Vielen Dank für eure diversen Gedanken zum Thema Ethik, sowohl in den Kommentaren zum letzten Artikel als auch über persönliche und Messenger-Kommunikation. Fühlt euch frei, mir auf beliebigem Wege weitere Definitionsangebote zu machen!
Ich fasse hier mal ein wenig zusammen:
Contents
Ergebnisse der Kommentare und Gespräche
- Es geht in der Ethik um Handeln unter dem Einfluss von Moral(en) (Kant: „Sitten“) und Werten, aber auch um Konsequenzen dieses Handelns.
- Außerdem sollten oder müssen beim Handeln die situativen Elemente mitbedacht werden (christlich: situative Ethik; Kant: Urteilskraft, …).
- Eine vielgenannte Definition: Ethik als Meta-Moral, die konkrete Handlungsmotive oder abstrakte moralische Prinzipien daraufhin abwägt, ob sie „statthaft“ sind.
- Ethik scheint aus der Religion hervorzugehen oder mit ihr zusammenzuhängen.
- Die genaue Relation ist aber unklar: Ist Ethik eine Art Meta-Religion? Oder eine Alternative (wie die Benennung des Schulfachs in vielen Bundesländern suggeriert)?
- Eine schöne Formulierung fand ich „der Spagat zwischen Nächstenliebe und Selbstliebe„.
- Heuristiken wurden ins Feld geführt, etwa die Leitfrage „Schade ich jemandem, wenn ich so handle?“ und die „Goldene Regel„.
- (Man beachte: Kant findet diese subjektiven (!) Prinzipien im Gegensatz zu seinem objektiven kategorischen Imperativ übrigens unzureichend, weil unvollständig: Es fehlen die Pflichten gegen sich selbst, die „Liebespflichten“ und Pflichten, die aus Schuldigkeit resultieren. Diese ergeben sich erst aus einem objektiven Prinzip.)
- Ein Kommentator führt ein moralisches Problem an: Nämlich, ob es legitim sein kann, jemandem zu schaden, um jemand anderem zu helfen. Das berührt Fragen des Utilitarismus (also einer Ethik, die „das größtmögliche Glück für die größtmögliche Zahl an Menschen“ als Leitidee nimmt) und der Handeln-/Unterlassen-Dichotomie (ist es moralisch gleichwertig, jemandem zu schaden oder jemandem nicht zu helfen? In welcher Größenordnung?).
- Mehrere Personen fanden, dass „Ethik“ etwas wahnsinnig Schwammiges ist, das man so spontan gar nicht definieren kann.

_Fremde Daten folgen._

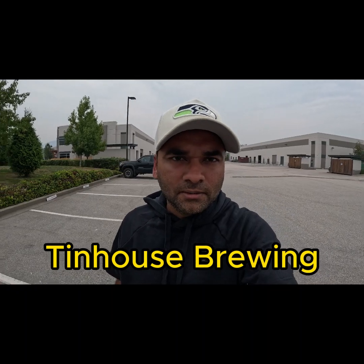Hey beer enthusiasts, welcome back to Mr. Tasters! Here we are at Tin House Brewing in Port Coquitlam — it's a suburb of Vancouver.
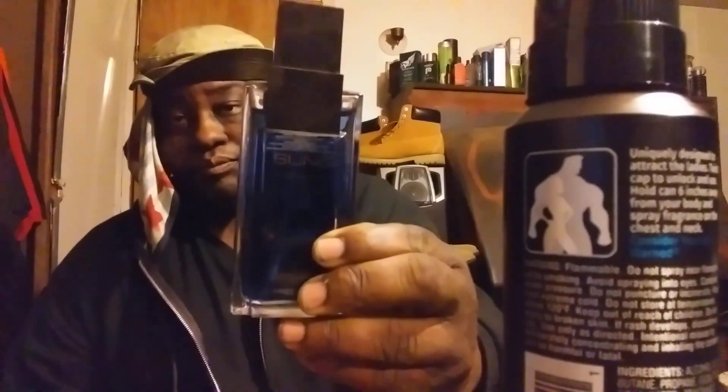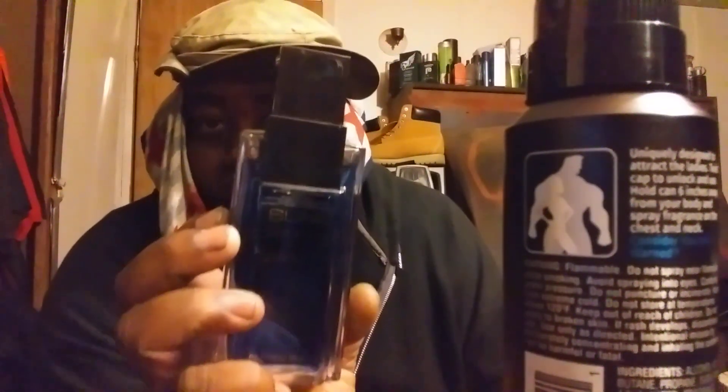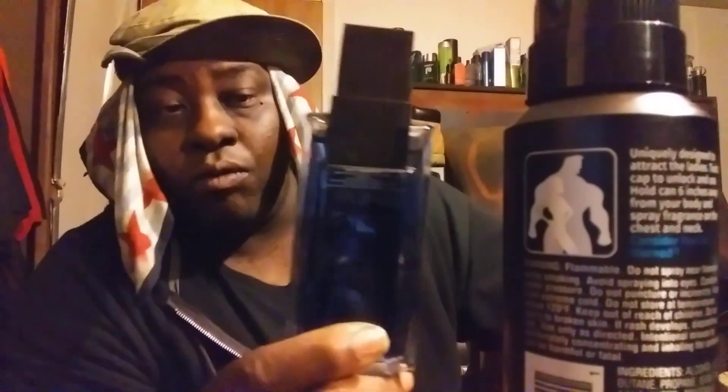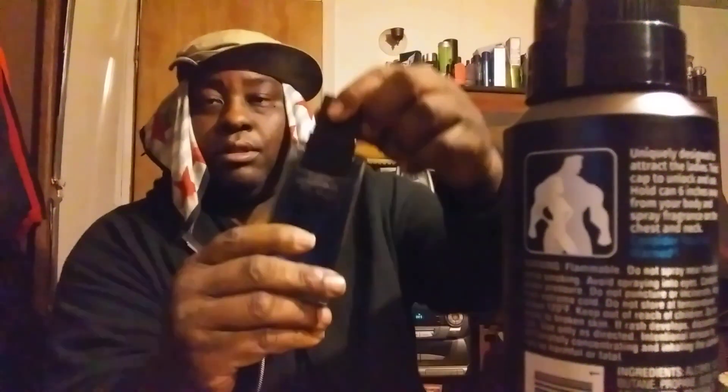I'm pretty sure you guys are familiar with it. The retail price is around $14-$15. This is none other than Alpha Sun Homes. Now, they used to have an older bottle with a spray on the top, but now they changed it — they pulled the cap off and you spray it. This is the newer version of it, as you can see I've been rocking it a little bit.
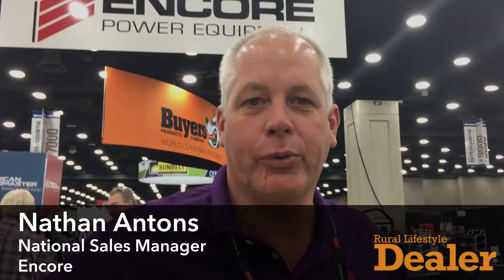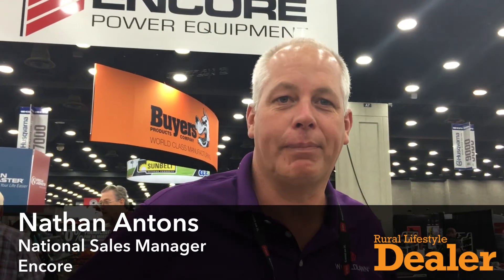Hi, I'm Nathan Antones with Encore Manufacturing out of Beatrice, Nebraska. We're here at the GIE displaying some of the new products for Encore that we're introducing for next year.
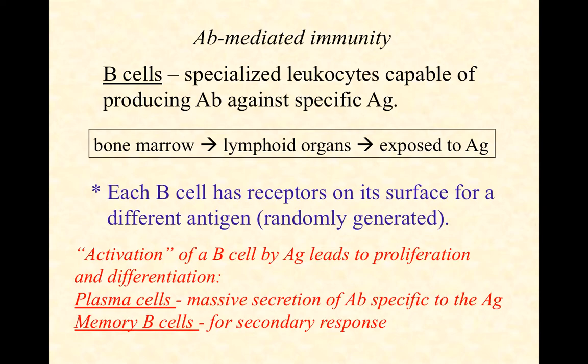Just like the helper and cytotoxic T-cells, B-cells camp out in those lymphoid organs until they're exposed to antigens — until antigens are brought to them. That antigen exposure is a little different, though. It's not brought to them on an antigen-presenting cell like it is with T-cells. Each B-cell has its own unique receptor that was randomly generated, so it's going to recognize a different puzzle piece, with the same diversity of puzzle pieces.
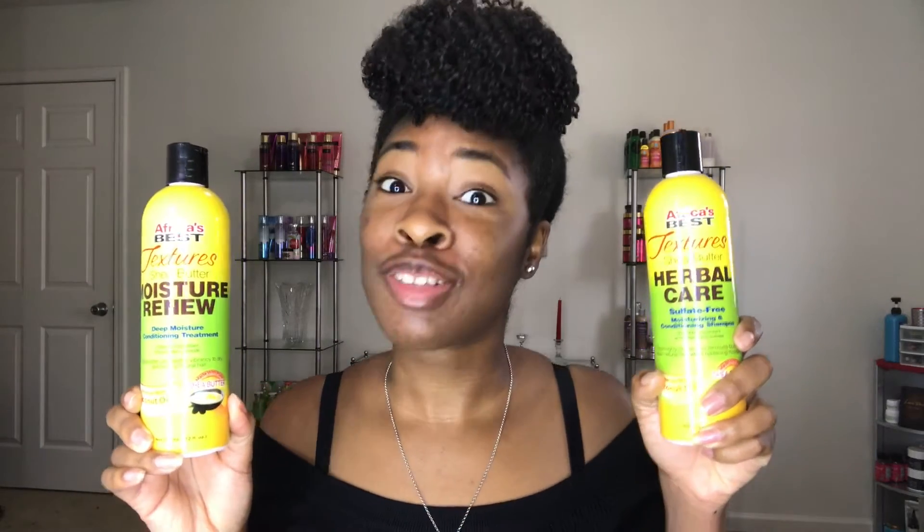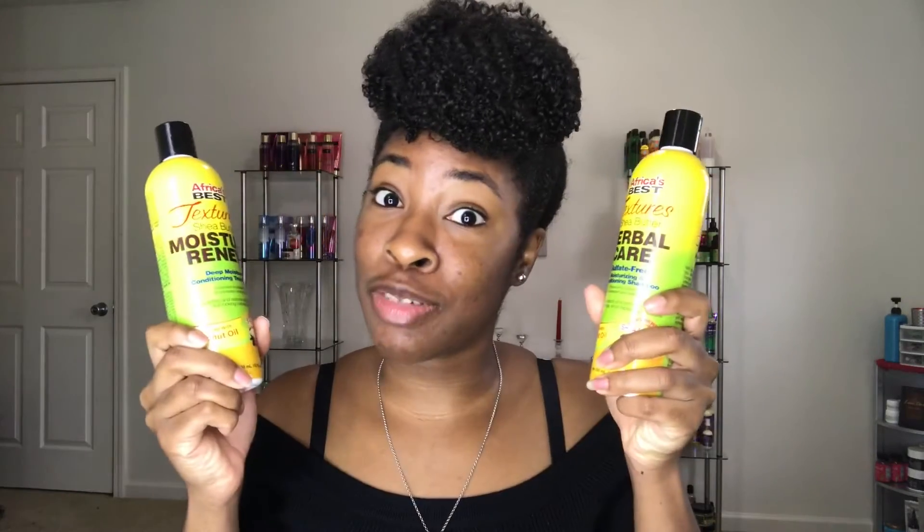The next thing that I won isn't from Cream of Nature — those two prizes stop there. The next thing that I won is some products from Africa's Best. From Africa's Best, I received their Moisturizing Shampoo from their Texture Shea Butter line, and I also received the Matching Deep Conditioning Treatment. I am very happy about this win. I'm always happy when I receive two of a kind of a product instead of just one, because it's easier to really figure out whether or not a product works for you if you have some sort of a matching set. So I definitely will be reviewing this for you guys.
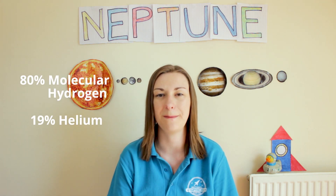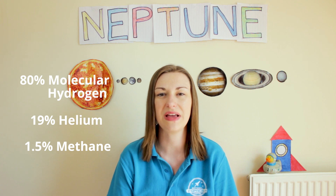Like Uranus, it's an ice giant made up of water, ammonia, and methane in a hot dense fluid. Its atmosphere is made up of hydrogen, helium, and methane, and the methane is what makes the planet look blue as it absorbs red light.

- Weitere Fragen, die teils eng zusammengehören:
- Gilt eine Ethik universell?
- Gelten Normen, moralische Bewertungen universell? Ist ein folterndes CIA-Angestelltes moralisch (noch) schärfer zu verurteilen als ein folternder Warlord, weil die CIA-Person eigentlich dem moralisch überlegenen Westen dient/einen Eid geleistet hat/zu den Guten gehört? Oder andersrum?
- Gibt es objektive ethische Normen – oder landet man immer bei Geschmacksfragen?
- Ist die Ethik, die wir heute haben, eine koloniale Ethik der Siegreichen?
Wir sehen: Das geht alles in eine vergleichbare Richtung, nämlich zur Frage danach,
- wie wir handeln sollen, obwohl wir vielleicht anders handeln wollen und
- nach den dahinter stehenden Prinzipien und Begründungen.
Ich habe leider trotz einer Vorlesung und einem Seminar zum Thema auch keine vollbefriedigende Definition anzubieten. Ich glaube aber, das hat Methode. Daher …
My two cents
… möchte ich noch meinen eigenen Gedankengang anfügen, der aber noch nicht so richtig spruchreif ist und nicht beansprucht, wirklich weiter zu helfen.
Ethik als philosophische, wissenschaftliche, journalistische, diplomatische, rechtliche, politische, legitimatorische, …, also jedenfalls als kommunikative Praxis dient dazu, einen Kommunikationsraum zu eröffnen, der es erlaubt, von je individuellen Interessen temporär (und vermutlich oft nur scheinbar) abzusehen. Das wiederum erlaubt es, Kommunikationsanschlüsse zu suchen und zu finden, die ansonsten nicht offen stünden (zum Preis der „Moralisierung“ des Problems, was wiederum bestimmte Kommunikationen unmöglich macht).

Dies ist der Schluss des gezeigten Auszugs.